Image-text web data
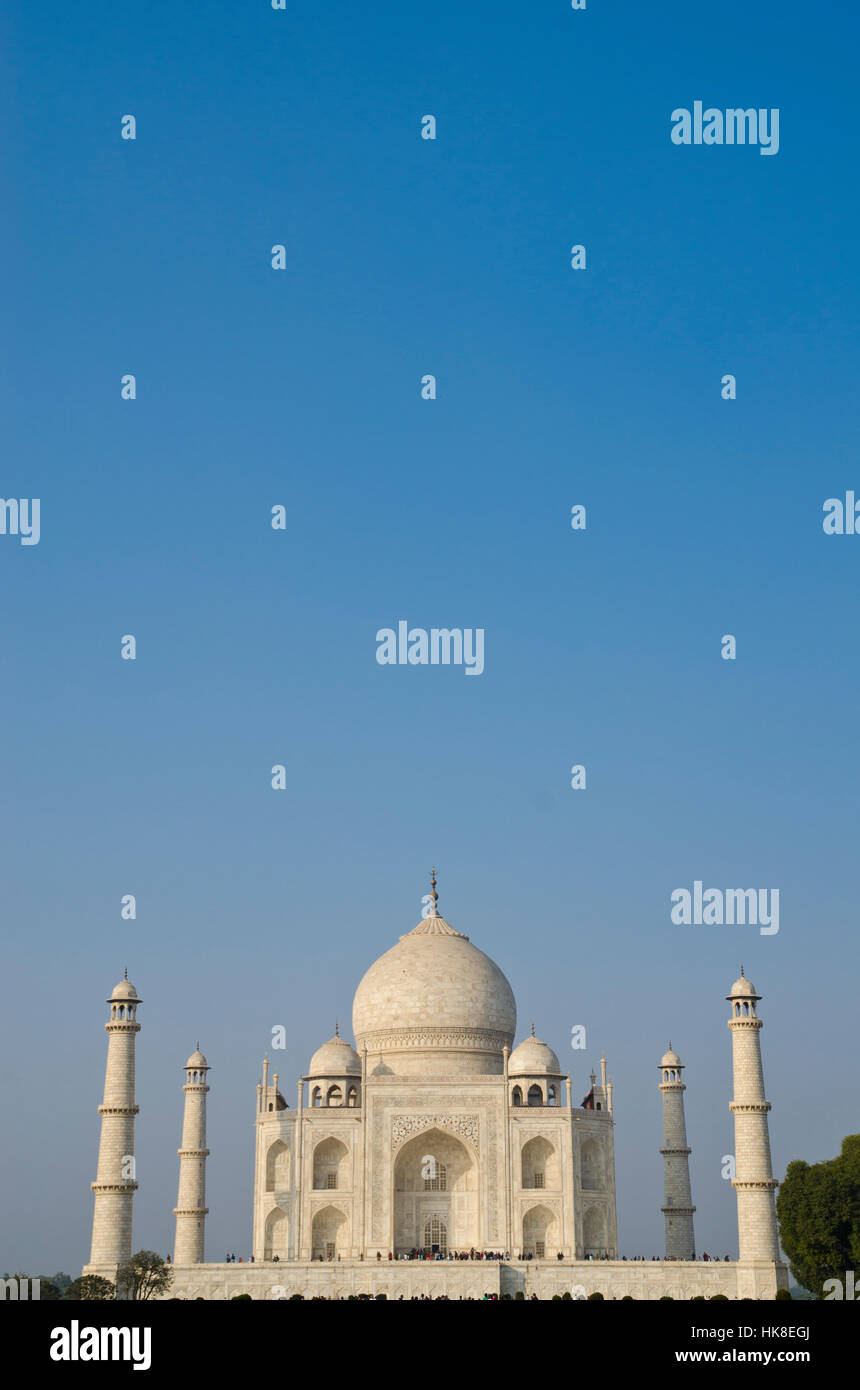 The Taj Mahal, the most beautiful building of the world, attracts thousands of tourists every day Stock Photo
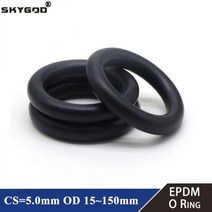 기계 호환 가스켓 부품 오링 10Pcs EPDM o 링 CS 5mm OD 15 ~ 150mm 산 및 알칼리 저항 내수성 마찰 o-링 블랙, OD 150mm ID 140mm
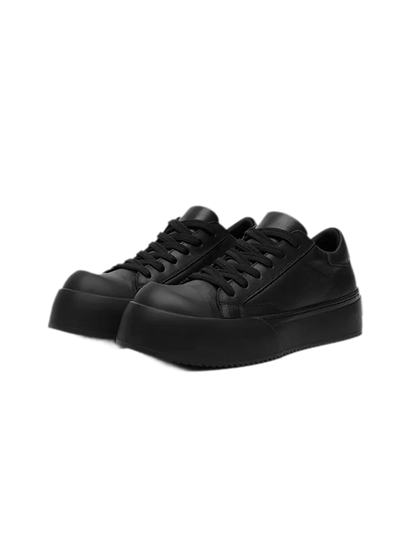 Distressed Leather Low Sneakers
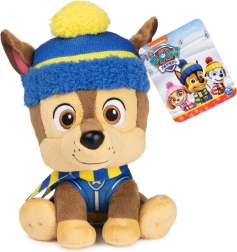 Pluszowy Chase z Psiego Patrolu w zimowej czapce, 18 cm
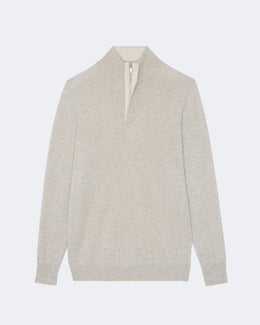 Pull en cachemire blanc et beige pour homme - Kujten packshot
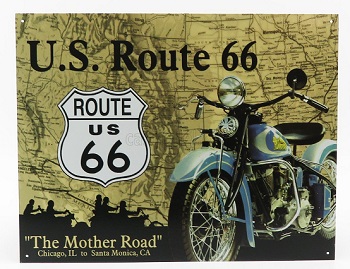 Модель 1:1 Metal Plate - U.S. Route 66 the Mother Road (Largh.Width cm.41 X Alt.Height cm.32)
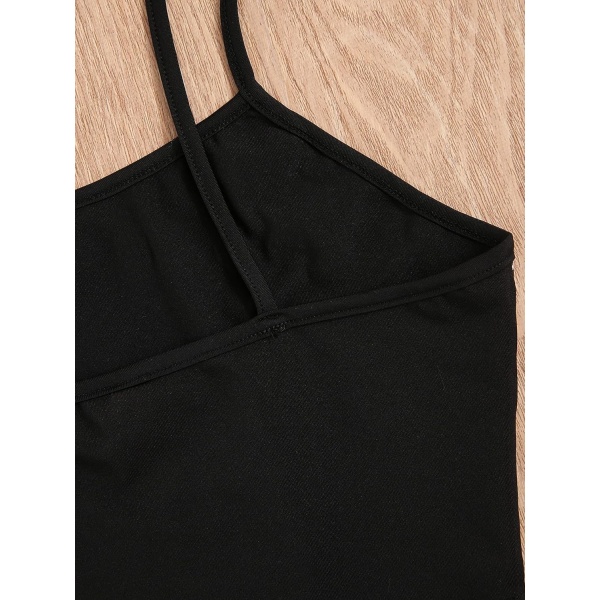 Dam Spaghetti Armband Asymmetrisk Fåll Bandana Cami Crop Top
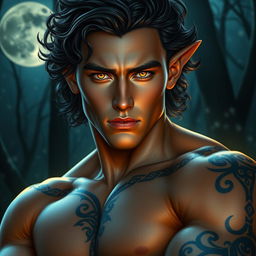 An extraordinarily handsome Fae male with stunning golden eyes that are brilliantly illuminated against the nighttime setting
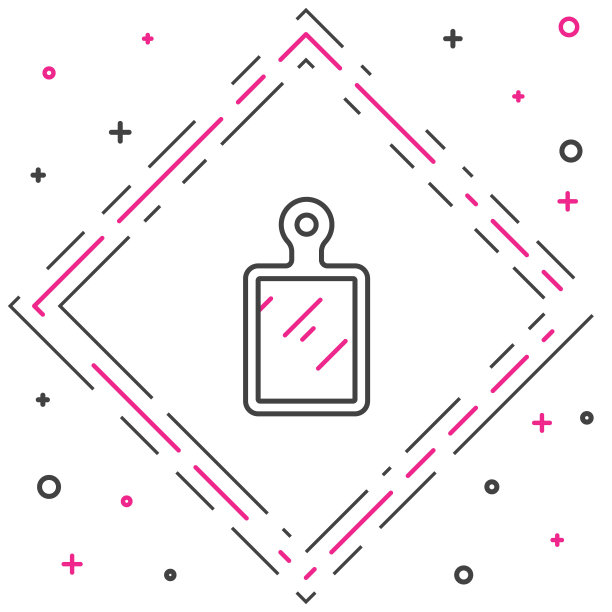 线切割板图标孤立在白色背景上。切菜板的象征。色彩斑斓的轮廓的概念。向量图片下载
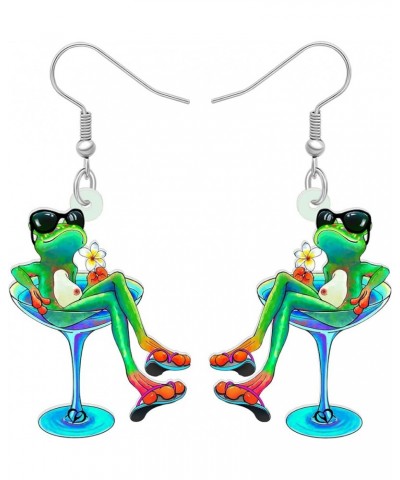 Cute Acrylic Anime Cowboy Hawaii Frog Earrings Dangle Drop Animals Jewelry Gifts for Women Girls Kids Charms Party Favors Haw...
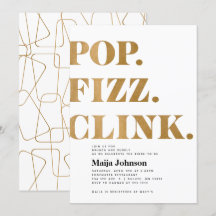 Invitación de despedida de soltera Gold Pop Fizz C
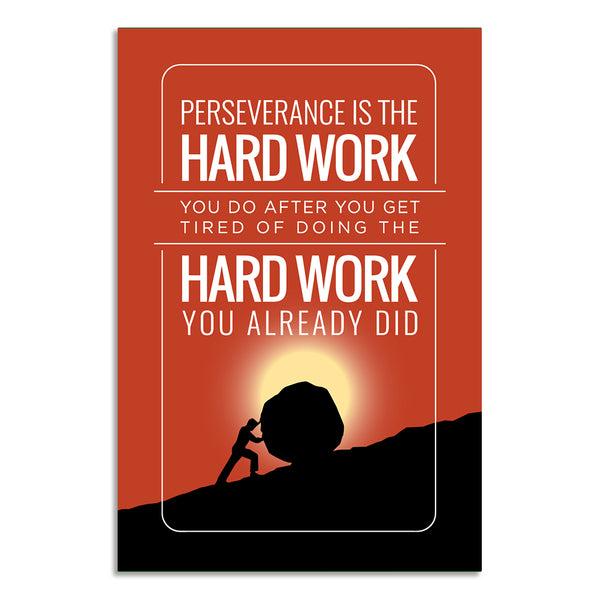 Hard work Motivational Perseverance Wall Poster for Office, Home & Study Rooms | Inspirational Quote Art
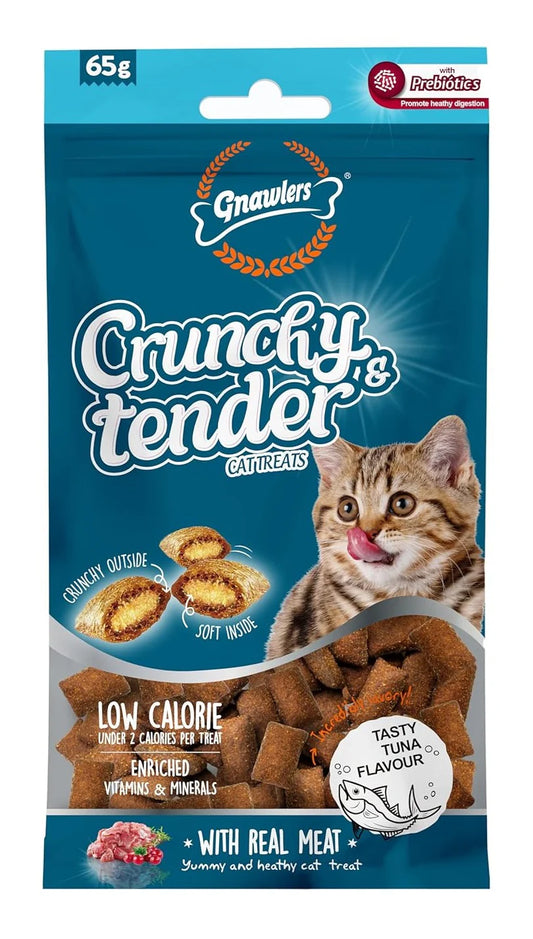Gnawlers Crunch & Tender Dry Treats for Cats - Tuna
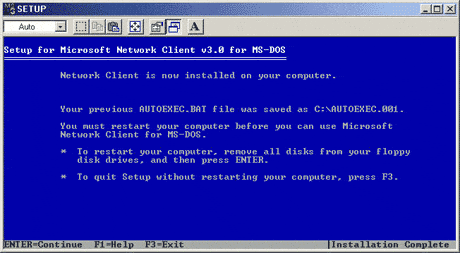Création d'une disquette Client pour les réseaux Microsoft sous MS-DOS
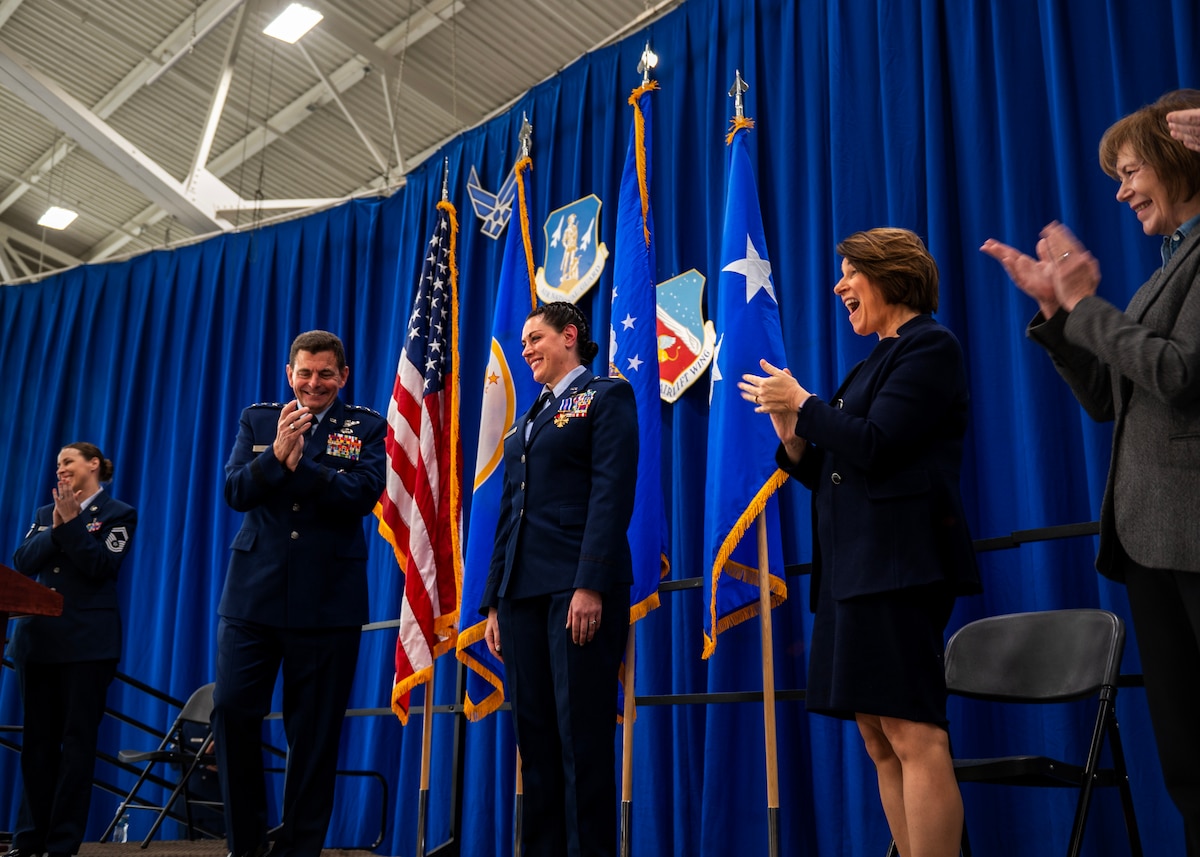 U.S. Air Force Maj. Katie Lunning, 133rd Medical Group, receives the Distinguished Flying Cross Decoration, Jan. 7, 2023, St. Paul, Minn.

> ASSIGNMENT
Although pictures appear among the records above, none are to be output; print exactly the lines from the line containing "Cute Acrylic Anime" through the line containing "Création d'une disquette".

> EXERCISE RESULT
 Cute Acrylic Anime Cowboy Hawaii Frog Earrings Dangle Drop Animals Jewelry Gifts for Women Girls Kids Charms Party Favors Haw...
 Invitación de despedida de soltera Gold Pop Fizz C
 Hard work Motivational Perseverance Wall Poster for Office, Home & Study Rooms | Inspirational Quote Art
Gnawlers Crunch & Tender Dry Treats for Cats - Tuna
Création d'une disquette Client pour les réseaux Microsoft sous MS-DOS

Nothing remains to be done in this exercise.